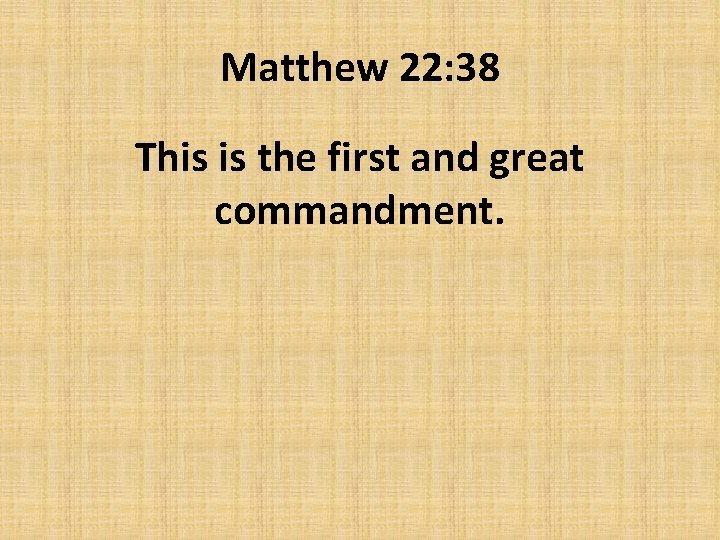 Matthew 22: 38 This is the first and great commandment. 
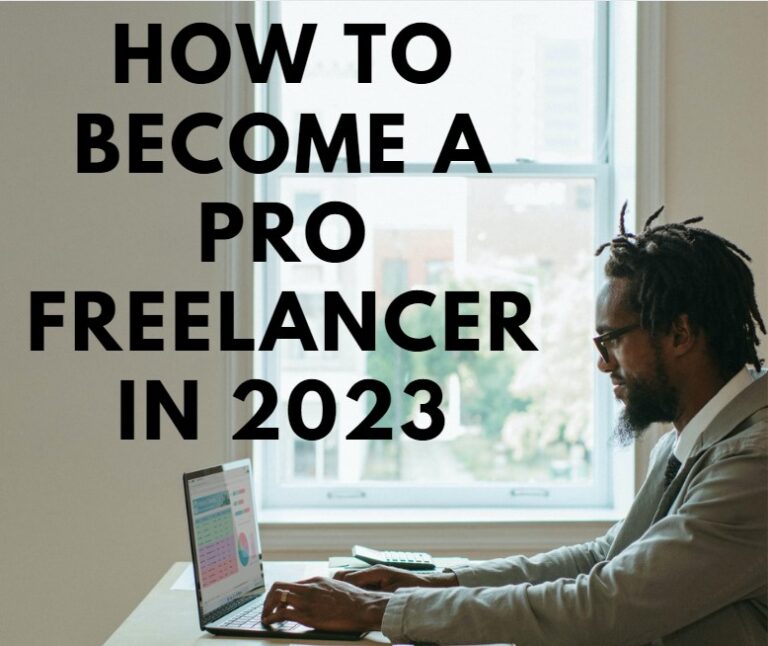 How to become a Pro Freelancer in 2023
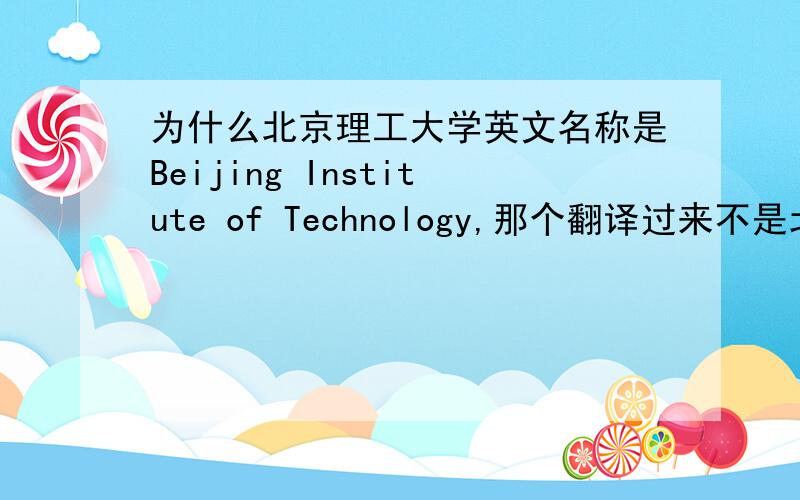 为什么北京理工大学英文名称是Beijing Institute of Technology,那个翻译过来不是北京科技学院么?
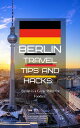 ŷKoboŻҽҥȥ㤨Berlin Travel Tips and Hacks/ Berlin is a Great Place for Foodies.Żҽҡ[ Ideal Travel Masters ]פβǤʤ850ߤˤʤޤ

──────────

▸ Prompt:
Only text belongs in the copy: repeat each line of the data exactly and leave out the pictures.

▸ Result for this task:
 Matthew 22: 38 This is the first and great commandment. 
 How to become a Pro Freelancer in 2023
 为什么北京理工大学英文名称是Beijing Institute of Technology,那个翻译过来不是北京科技学院么?
 ŷKoboŻҽҥȥ㤨Berlin Travel Tips and Hacks/ Berlin is a Great Place for Foodies.Żҽҡ[ Ideal Travel Masters ]פβǤʤ850ߤˤʤޤ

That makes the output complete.